→ TASK DETAILS:
Using the entries that follow, transcribe only the lines from the line with "Квартира Уютная 2-комнатная" to the line with "GE VME-3122A 高性能 16 位模数转换器（ADC）", both included, exactly as they stand and without pictures.

→ DATA SUPPLIED:
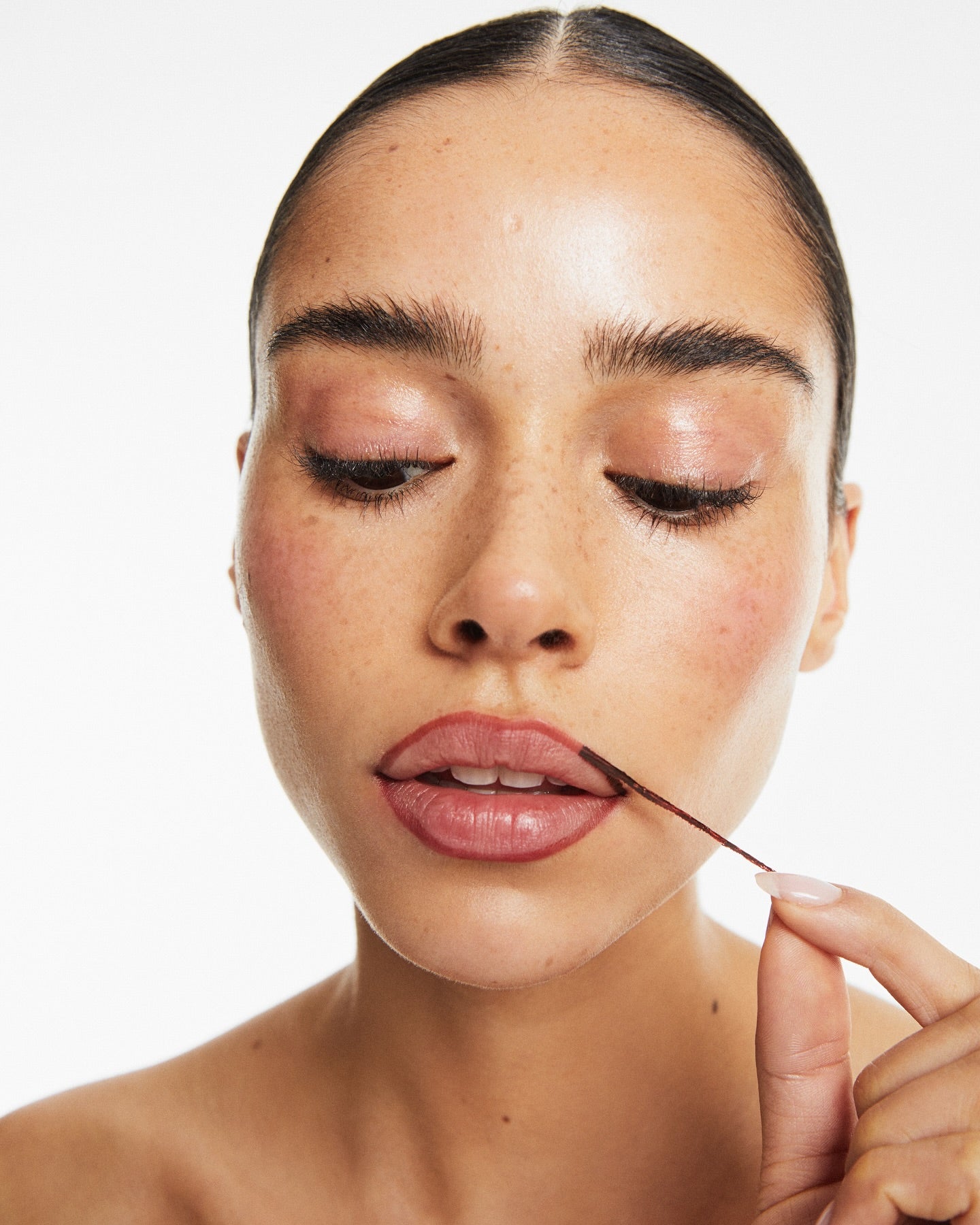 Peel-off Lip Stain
...
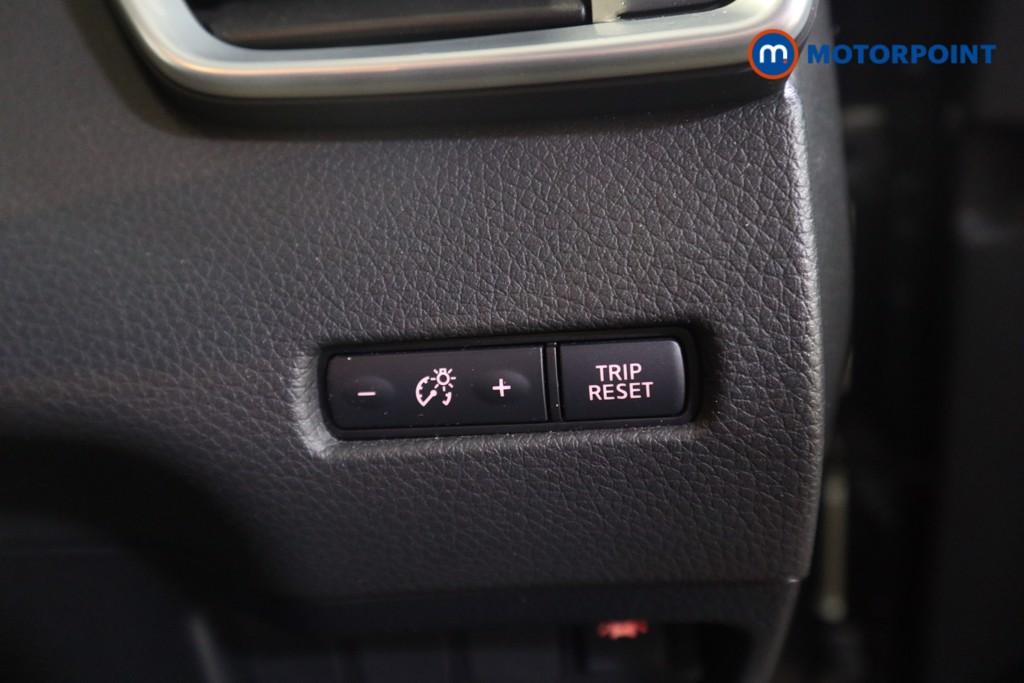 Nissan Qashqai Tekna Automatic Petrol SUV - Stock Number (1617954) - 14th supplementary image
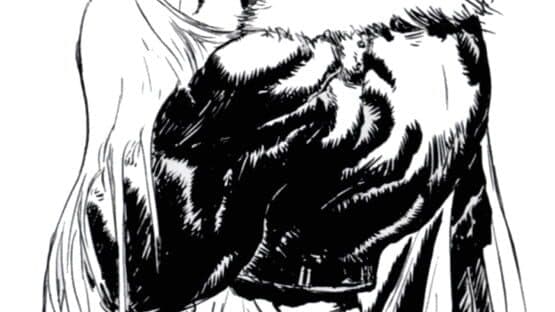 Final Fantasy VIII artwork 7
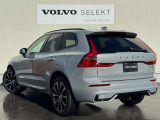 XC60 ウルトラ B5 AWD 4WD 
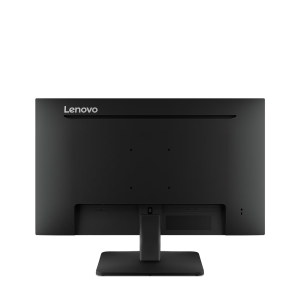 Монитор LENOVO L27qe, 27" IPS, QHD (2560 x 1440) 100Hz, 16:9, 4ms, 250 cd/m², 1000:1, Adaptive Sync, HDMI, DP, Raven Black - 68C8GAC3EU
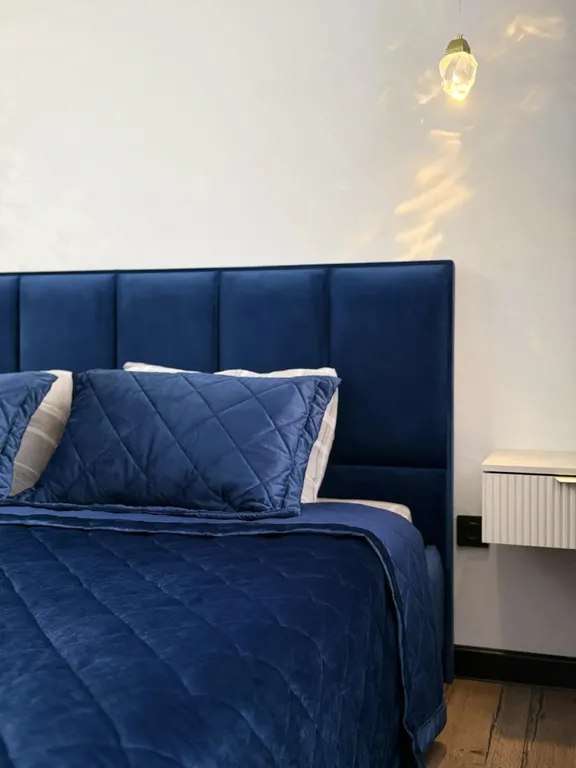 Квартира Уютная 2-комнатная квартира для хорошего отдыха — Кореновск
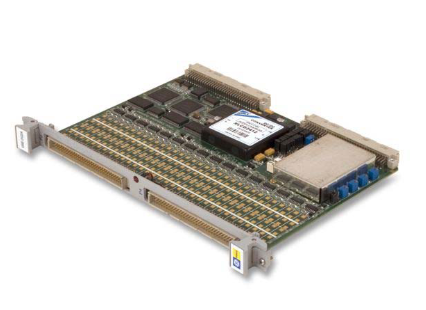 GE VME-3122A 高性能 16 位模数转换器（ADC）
--
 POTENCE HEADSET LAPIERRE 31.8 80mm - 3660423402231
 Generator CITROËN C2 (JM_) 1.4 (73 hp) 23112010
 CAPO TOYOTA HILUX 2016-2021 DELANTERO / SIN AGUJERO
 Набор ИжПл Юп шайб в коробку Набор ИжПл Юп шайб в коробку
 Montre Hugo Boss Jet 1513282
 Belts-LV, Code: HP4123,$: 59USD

→ FINISHED TASK:
 Квартира Уютная 2-комнатная квартира для хорошего отдыха — Кореновск
 GE VME-3122A 高性能 16 位模数转换器（ADC）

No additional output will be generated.